|Kabaka of Buganda and Yoweri Museveni|
THE FAST OBSERVER POLITICS | The president’s vapid assertions that Buganda was ‘tribally motivated’ during the recent elections are rather pitiful and dangerous.
Pitiful because they show how rapidly a clever politician becomes desperate when his party fails, albeit in just one region of the country.
Dangerous, because his warped thinking has a darker, vengeful side to it.
The truth is that the NRM lost the elections in Buganda because of corruption,unequal distribution of wealth, endless brutalities on citizens, and the regime’s own tribalism.
The unseated Baganda ministers (all twenty seven) belonged to the ruling party which had become a ‘tribe’ in itself, serving its own interests.
Now these unfortunate Museveni cohorts have become sacrificial victims deposed by NUP who comprise notably Baganda and non-Baganda in the central region.
So the president’s remarks are illogical but have provoked defensive reactions from different quarters in Buganda, even from the Katikkiro.
This reaction helps Museveni to gauge and ‘reset’ the Baganda, whose political leanings are sometimes unclear, and will also help him to tease out who is friend and who is foe in Buganda, after this ballot debacle.
His ‘tribal’ assertions, if believed, also help to recreate an old suspicion, that the Baganda either want to opt out of Uganda, or recapture the political heights.
If so, then his fulminations are a kind of ‘reverse psychology’, a diversion from the obvious ethnic biases in his own dysfunctional government, as he plants his ‘anti- buganda’ weed-seed into the national psyche.
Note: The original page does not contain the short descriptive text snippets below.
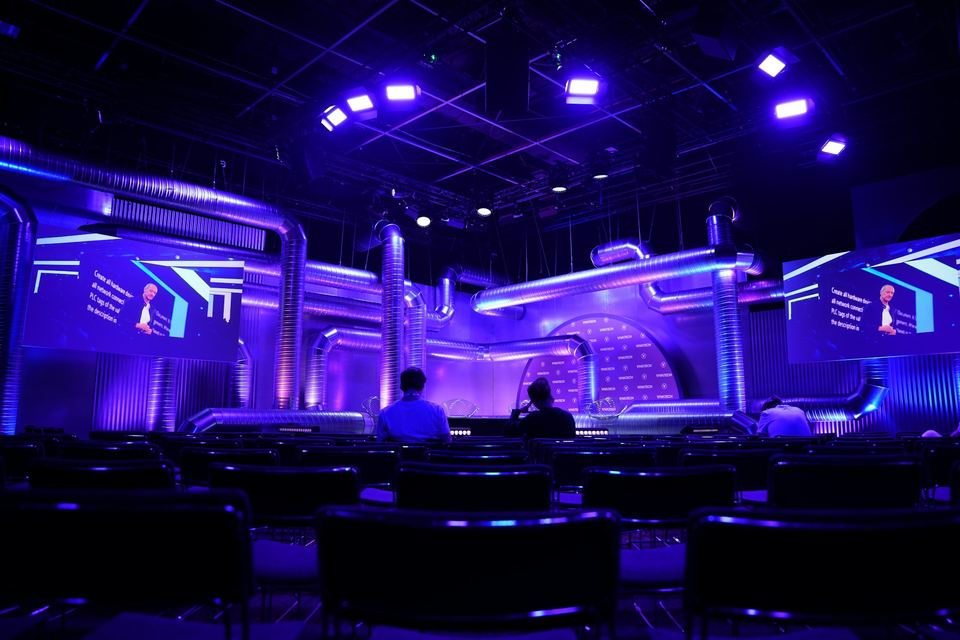 Purple-lit stage with LED screens and audience seating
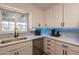 Updated kitchen featuring white cabinets, sleek countertops, and modern stainless steel appliances at 5607 N 23Rd Ave, Phoenix, AZ 85015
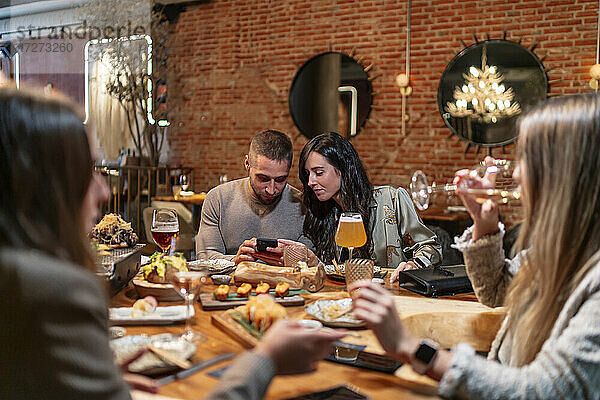 Frauen unterhalten sich beim Weintrinken mit Freunden und benutzen dabei ein Mobiltelefon im Hintergrund in einem Restaurant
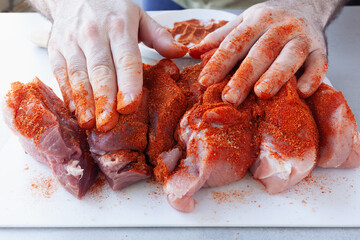 Male hands rubbing dry rub spices in pork tenderloin pieces, preparing it for grilling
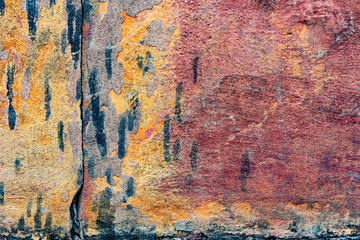 Naklejka premium Texture of a concrete wall with cracks and scratches which can be used as a background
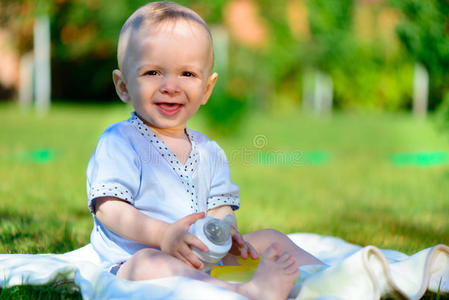 可爱的小男孩坐在绿色的草地上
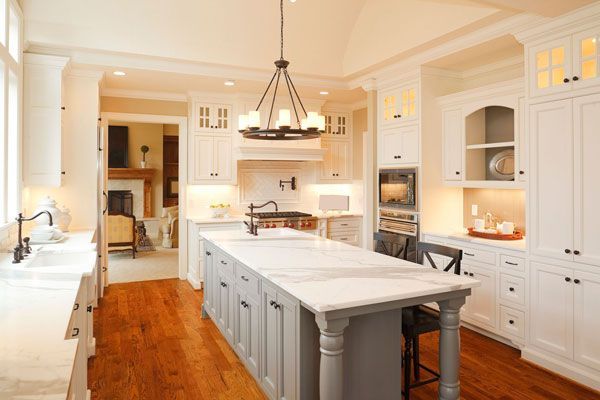 A modern kitchen with white cabinets, a large marble island, and stainless steel appliances.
Playing the anti-baganda card however, is nothing new in Uganda’s politics.
Obote did it in the years after independence.
It helped him to justify the abrogation of Uganda’s first constitution, which abolished the kingdoms, including the kingdom of Buganda.
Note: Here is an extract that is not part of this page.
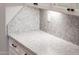 Detailed view of the granite countertop with white cabinets and black hardware, showcasing an elegant design at 13221 W Rincon Dr, Sun City West, AZ 85375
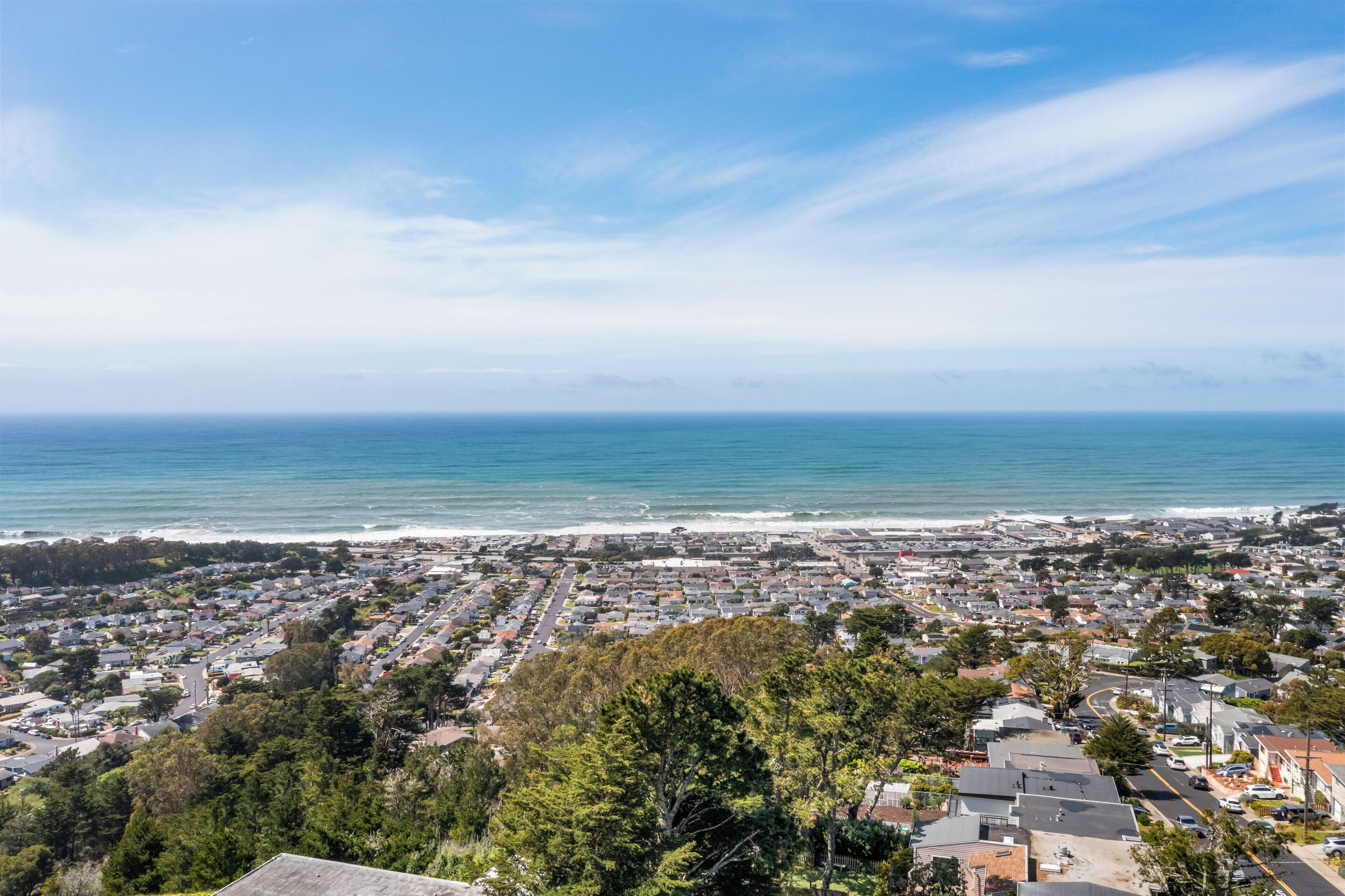 A coastal town with residential buildings, a beach, and a clear sky.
Obote’s notorious saying: ‘A good Muganda is a dead one’ struck a chord with some non-Baganda who had been ruled by Baganda chiefs, who became agents of the British during the colonial era.
However, Obote’s anti-Baganda attitude sealed his fate among the Baganda, who massively supported Amin’s coup when it came, even though Obote’s government, like Museveni’s, had achieved some notable strides in development.
Museveni, to avoid a repeat of this, needs to reign in his uncontrolled ‘messiah complex’ – a delusional need to ‘save’ Uganda, when it needs saving from Musevenism.
These new calumnies against the Baganda, are a strategic attack on the NUP.
As the NUP gains national strength, the nonsensical tribal allegations by Mr Museveni will simply evaporate, and he will have to try a better ploy.